Exercise input section start

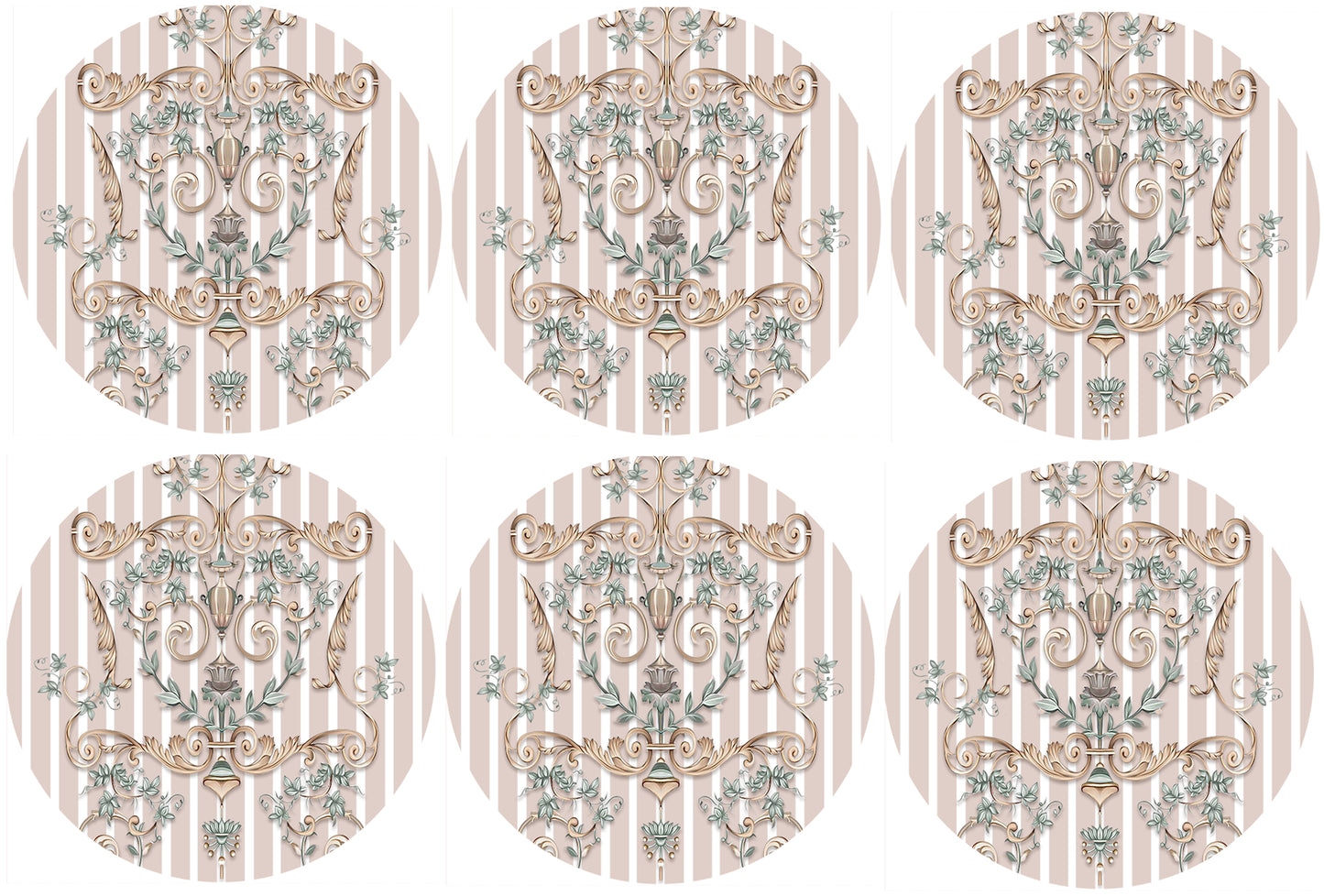 Pale Florids Coasters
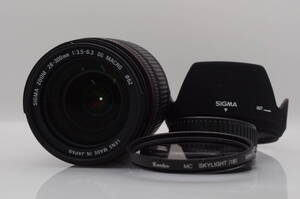 ★実用美品★ シグマ SIGMA 28-300mm F3.5-6.3 DG MACRO 前後キャップ&フィルター&フード付 ペンタックスK用(AF) 同梱可 #kw790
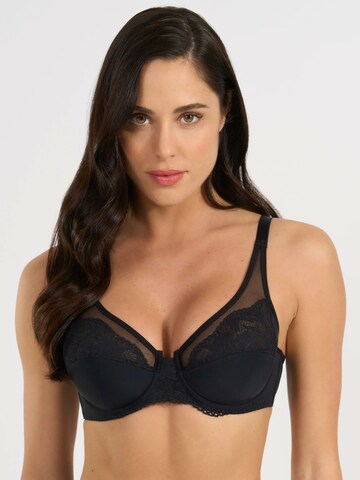 Spiman Bra 'Delia' in Black: front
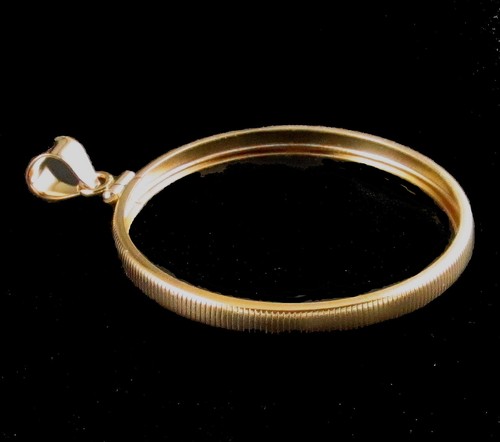 Coin bezel mexican silver - bezel,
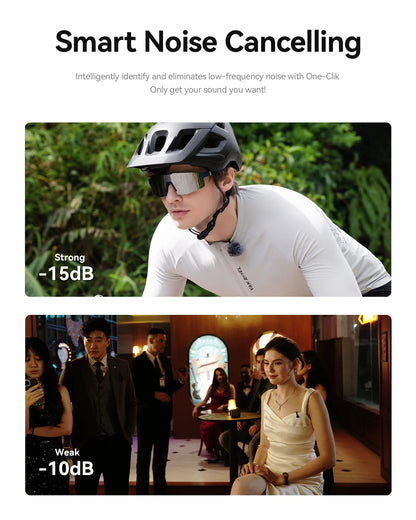 Hollyland Lark M2s Wireless Microphone System Noise Cancellation Lavalier Mic for iPhone Camera Android Video Vlog Interview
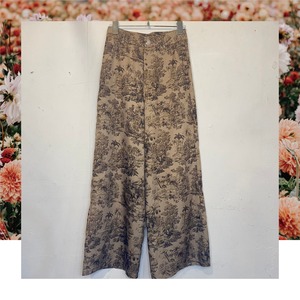 select 12036：botanical print pants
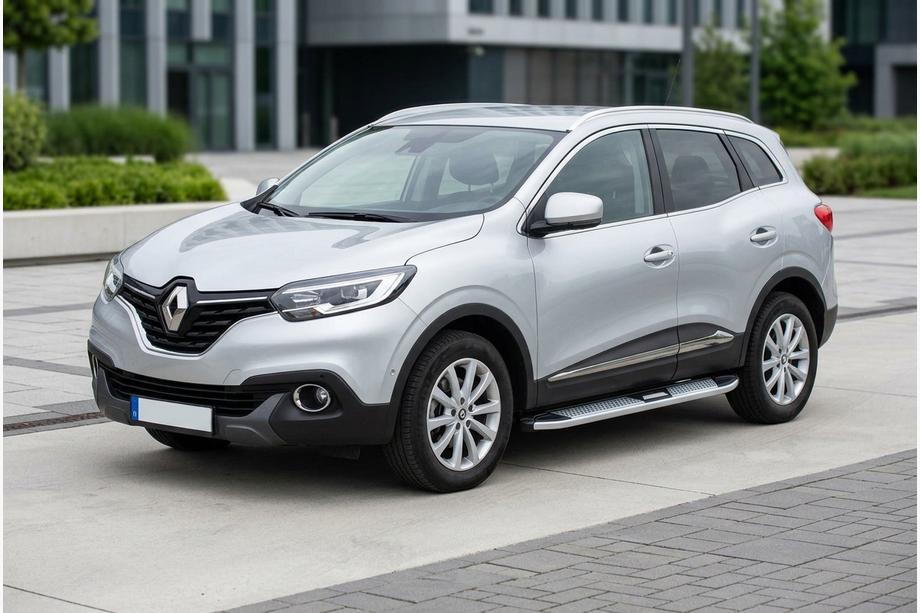 Renault Kadjar 2015-2022 гг. Боковые Подножки Mevsim Grey (2 шт., Алюминий) Фото 1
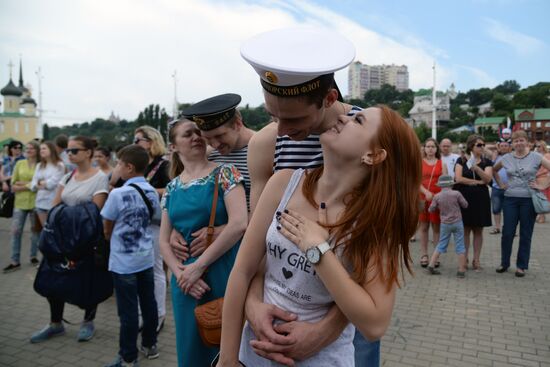 Navy Day celebrations in Russian cities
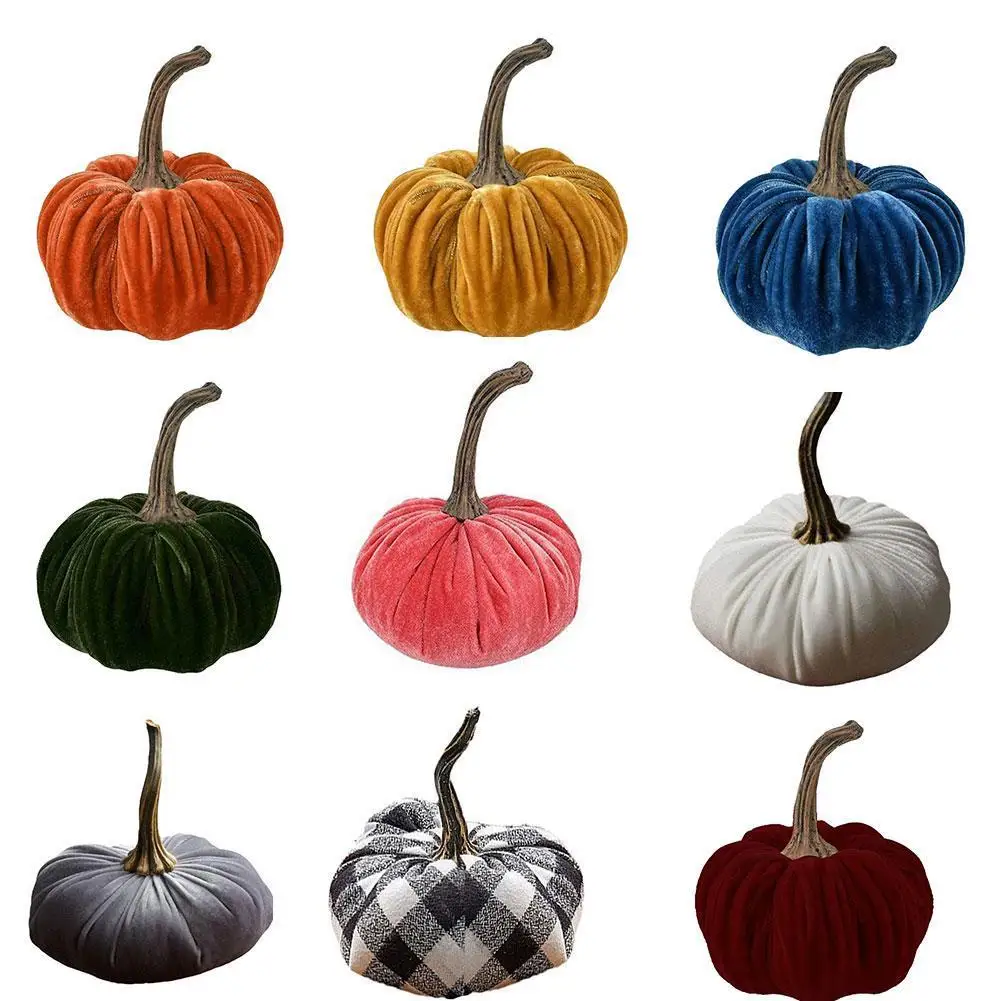

Плюшевые диванные подушки в виде тыквы, мягкая бархатная подушка, подушка, украшение на Хэллоуин, свадьбу, Рождество, украшение для дома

Exercise input section end

Your output should be the lines above from the one that contains "Spiman Bra 'Delia' in Black: front" through the one that contains "Navy Day celebrations in Russian cities", word for word, with pictures left out.

 Spiman Bra 'Delia' in Black: front
 Coin bezel mexican silver - bezel,
 Hollyland Lark M2s Wireless Microphone System Noise Cancellation Lavalier Mic for iPhone Camera Android Video Vlog Interview
 select 12036：botanical print pants
 Renault Kadjar 2015-2022 гг. Боковые Подножки Mevsim Grey (2 шт., Алюминий) Фото 1
 Navy Day celebrations in Russian cities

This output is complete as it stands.